March 26, 2014
Kathy Dzewaltowski, observer
Carol Adams, Executive Director of Teaching and Learning, reported that teachers and students have been experiencing problems and glitches in attempting to take online state assessments. The problems are with the source of the testing and are not something the district can address. These particular assessments are a pilot program and won't affect accreditation.
John Armbrust, Governor's Military Council, provided the board with a report on Ft. Riley. Armbrust said that the BRAC process (Base Re-Alignment and Closure) may happen again, with 2017 being the earliest that it would occur. The quality of local schools is one factor that the BRAC evaluates, so Armbrust advised the board to continue to make USD 383 a quality school district. Armbrust also said the U.S. Army will be downsizing, which may result in the loss of 1,200 positions at Ft. Riley. He said that deployments may also slow down, so the loss of 1,200 positions may not have a significant impact on USD 383.
Lew Faust, Director of Business Services, provided the board with information about the impact the recent Kansas Supreme Court ruling may have on USD 383. The decision had two main parts: one addressing equity, and the other addressing adequacy. The adequacy portion was remanded to district court for further evaluation.

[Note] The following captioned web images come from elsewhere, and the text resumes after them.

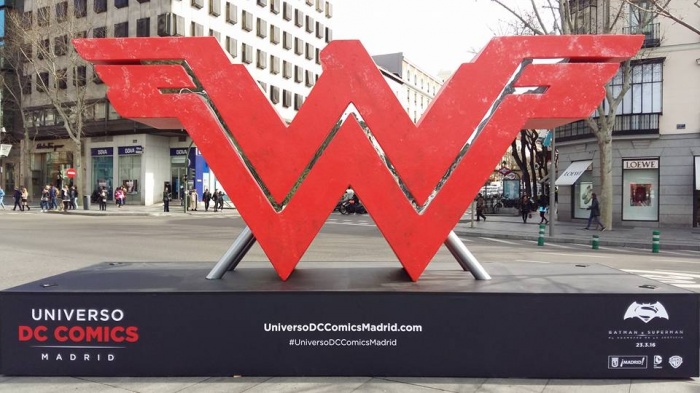 Batman, Superman y Wonder Woman protegen Madrid con sus emblemas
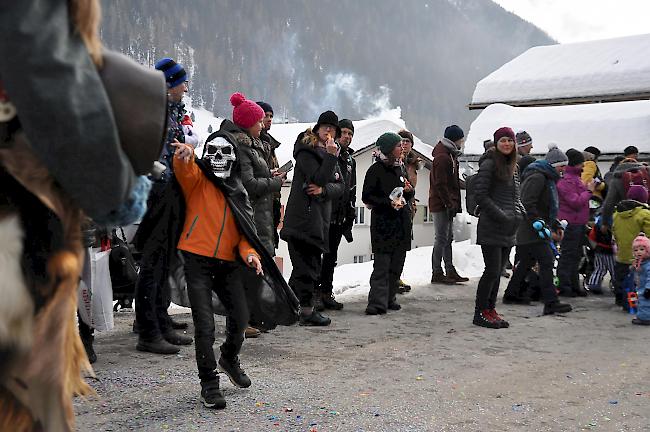 Impressionen des grossen Lötschentaler Fasnachtsumzugs.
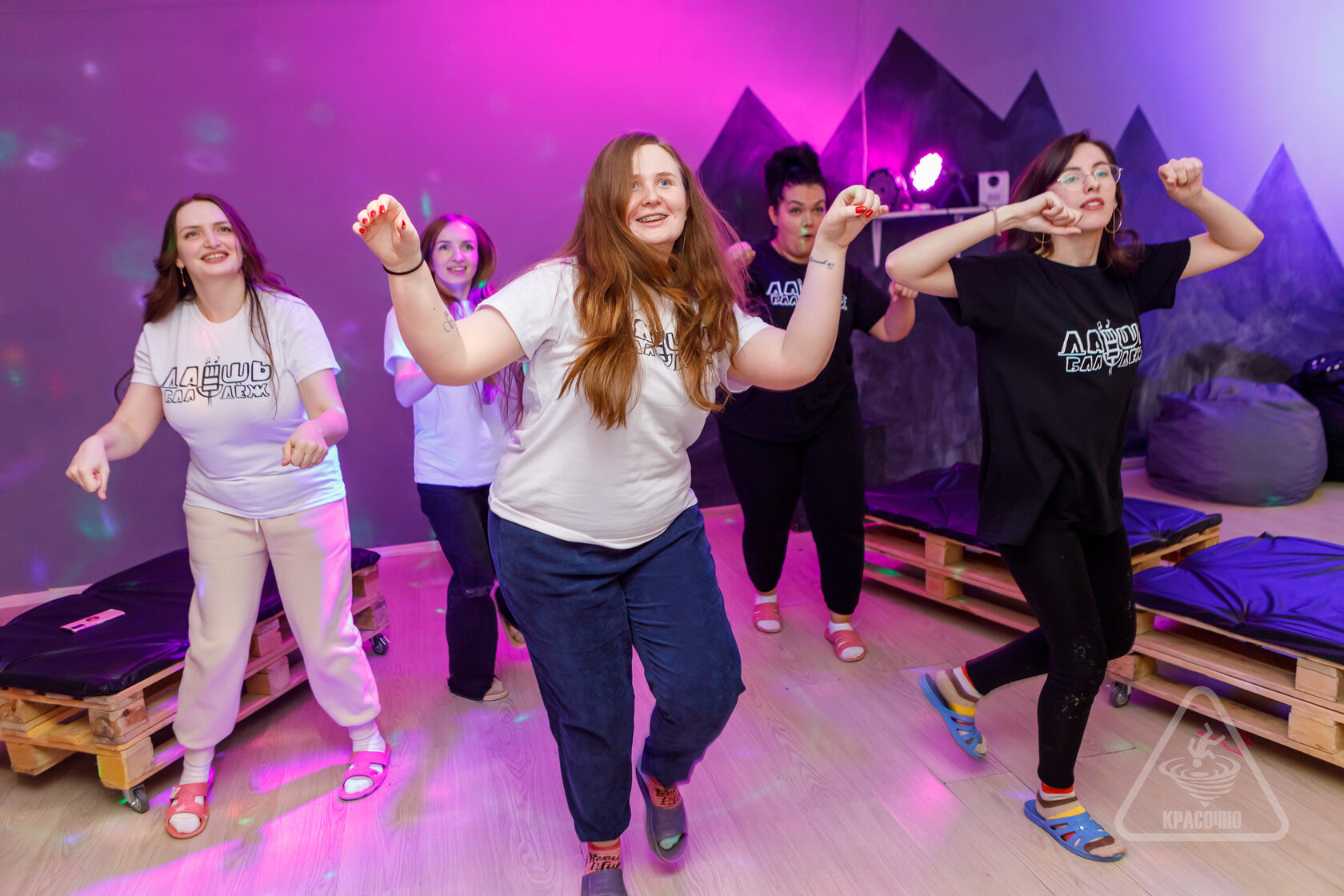 радость быть дома. счастливые люди в квартире. радость быть дома. радость быть дома. гостиная с людьми.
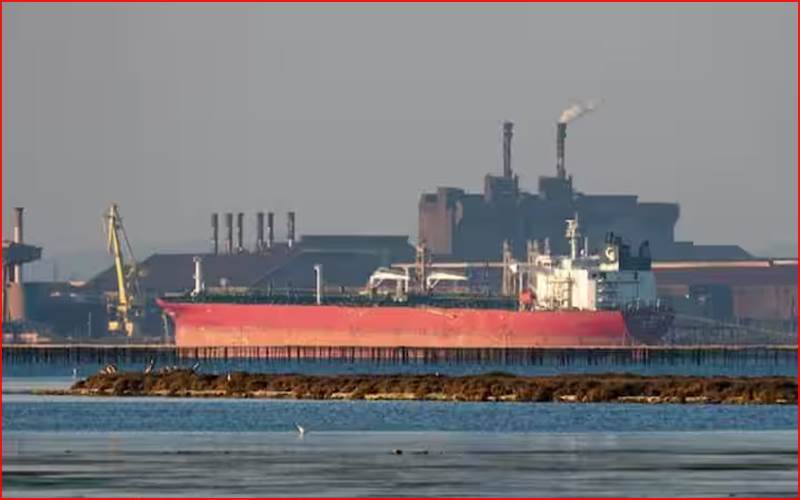 امریکہ نے سمندر میں ایرانی تیل پر عائد پابندیوں کو عارضی طور پر ہٹا دیا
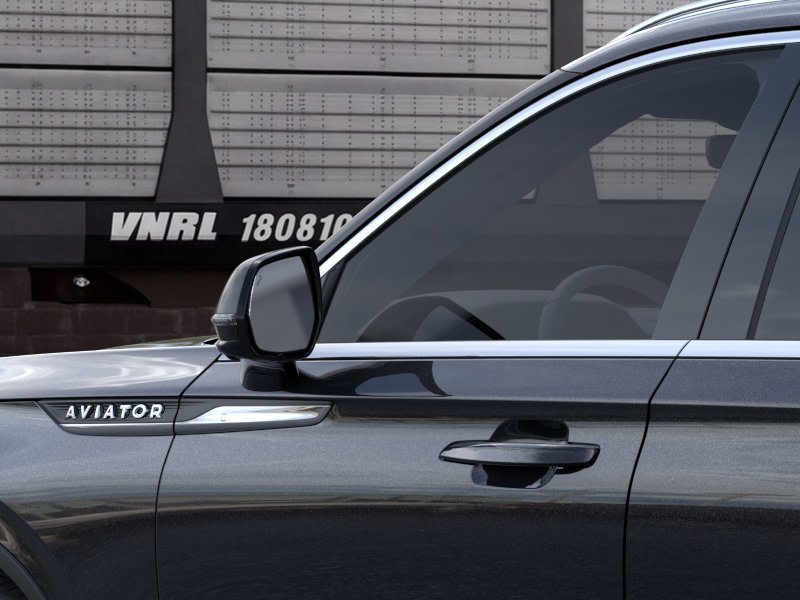 Thumbnail: 2026 Lincoln Aviator - 21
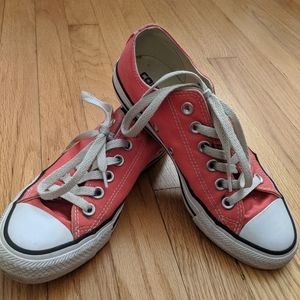 Converse tennis shoes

The equity portion stated that there are wealth-based disparities in capital outlay funds and the supplemental general fund, and the Legislature was given until July 1st to determine how to correct the disparities. USD 383 does not receive any capital outlay equity funding, so that will have no impact on the district. USD 383 could potentially receive $386,000 in equalization funding for the supplemental general fund, which would offset the amount generated by local taxes and allow for a reduction in the mill levy.
Faust also reported that a House bill that was introduced would fully fund the equity requirements, but it also would reduce funding in other areas. A change in the formula for funding transportation will result in a reduction of 15%. At-risk funding would not be provided for students over 19, which will impact the district's programs that allow older students to return and complete their diplomas. The bill also does not mention funding for all-day kindergarten, which had been an initiative of the governor. The net impact on the district will be that the supplemental general mill levy will be able to be reduced, but the district will lose funding for at-risk students and for transportation.
For budget planning purposes, the board received a list of facility maintenance projects, which included items such as roof work, playground resurfacing, new carpeting, etc.